(Data entries)
◇ ◇ ◇
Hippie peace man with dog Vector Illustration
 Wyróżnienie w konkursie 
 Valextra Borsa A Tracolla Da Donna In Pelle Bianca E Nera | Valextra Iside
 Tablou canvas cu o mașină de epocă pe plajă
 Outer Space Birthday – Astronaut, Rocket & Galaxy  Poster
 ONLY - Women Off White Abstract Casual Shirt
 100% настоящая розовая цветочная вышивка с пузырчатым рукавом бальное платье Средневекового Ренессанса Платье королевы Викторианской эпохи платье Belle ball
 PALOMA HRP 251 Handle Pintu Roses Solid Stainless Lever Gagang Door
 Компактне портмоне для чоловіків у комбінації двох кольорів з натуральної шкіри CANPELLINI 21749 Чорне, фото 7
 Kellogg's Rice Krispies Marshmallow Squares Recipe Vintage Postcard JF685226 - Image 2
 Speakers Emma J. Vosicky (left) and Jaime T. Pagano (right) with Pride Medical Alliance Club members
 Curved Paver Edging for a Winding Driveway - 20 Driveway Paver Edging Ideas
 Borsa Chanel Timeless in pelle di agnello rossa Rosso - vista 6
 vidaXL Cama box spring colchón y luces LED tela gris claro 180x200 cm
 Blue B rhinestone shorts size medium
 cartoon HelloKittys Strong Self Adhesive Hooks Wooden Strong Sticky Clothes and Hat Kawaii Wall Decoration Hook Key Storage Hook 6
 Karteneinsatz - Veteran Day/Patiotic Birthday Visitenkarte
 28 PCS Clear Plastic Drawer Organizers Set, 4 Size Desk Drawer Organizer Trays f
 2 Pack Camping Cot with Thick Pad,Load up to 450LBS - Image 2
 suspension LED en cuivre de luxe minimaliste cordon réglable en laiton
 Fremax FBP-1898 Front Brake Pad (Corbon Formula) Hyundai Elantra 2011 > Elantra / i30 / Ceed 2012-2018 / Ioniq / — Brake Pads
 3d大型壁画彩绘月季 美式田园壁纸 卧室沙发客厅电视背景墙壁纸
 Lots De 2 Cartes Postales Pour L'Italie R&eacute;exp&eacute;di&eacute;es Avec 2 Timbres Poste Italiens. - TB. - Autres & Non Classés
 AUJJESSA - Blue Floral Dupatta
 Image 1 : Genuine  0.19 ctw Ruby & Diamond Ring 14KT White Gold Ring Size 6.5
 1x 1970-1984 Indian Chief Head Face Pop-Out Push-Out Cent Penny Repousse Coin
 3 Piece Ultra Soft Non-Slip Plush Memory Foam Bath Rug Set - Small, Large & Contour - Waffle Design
◇ ◇ ◇
§ How to complete this task:
Once you find the line with "Tablou canvas cu o mașină de epocă pe plajă" above, print it and every line after it up to and including the line with "Karteneinsatz - Veteran", exactly as written and nothing else.

§ Result for this task:
 Tablou canvas cu o mașină de epocă pe plajă
 Outer Space Birthday – Astronaut, Rocket & Galaxy  Poster
 ONLY - Women Off White Abstract Casual Shirt
 100% настоящая розовая цветочная вышивка с пузырчатым рукавом бальное платье Средневекового Ренессанса Платье королевы Викторианской эпохи платье Belle ball
 PALOMA HRP 251 Handle Pintu Roses Solid Stainless Lever Gagang Door
 Компактне портмоне для чоловіків у комбінації двох кольорів з натуральної шкіри CANPELLINI 21749 Чорне, фото 7
 Kellogg's Rice Krispies Marshmallow Squares Recipe Vintage Postcard JF685226 - Image 2
 Speakers Emma J. Vosicky (left) and Jaime T. Pagano (right) with Pride Medical Alliance Club members
 Curved Paver Edging for a Winding Driveway - 20 Driveway Paver Edging Ideas
 Borsa Chanel Timeless in pelle di agnello rossa Rosso - vista 6
 vidaXL Cama box spring colchón y luces LED tela gris claro 180x200 cm
 Blue B rhinestone shorts size medium
 cartoon HelloKittys Strong Self Adhesive Hooks Wooden Strong Sticky Clothes and Hat Kawaii Wall Decoration Hook Key Storage Hook 6
 Karteneinsatz - Veteran Day/Patiotic Birthday Visitenkarte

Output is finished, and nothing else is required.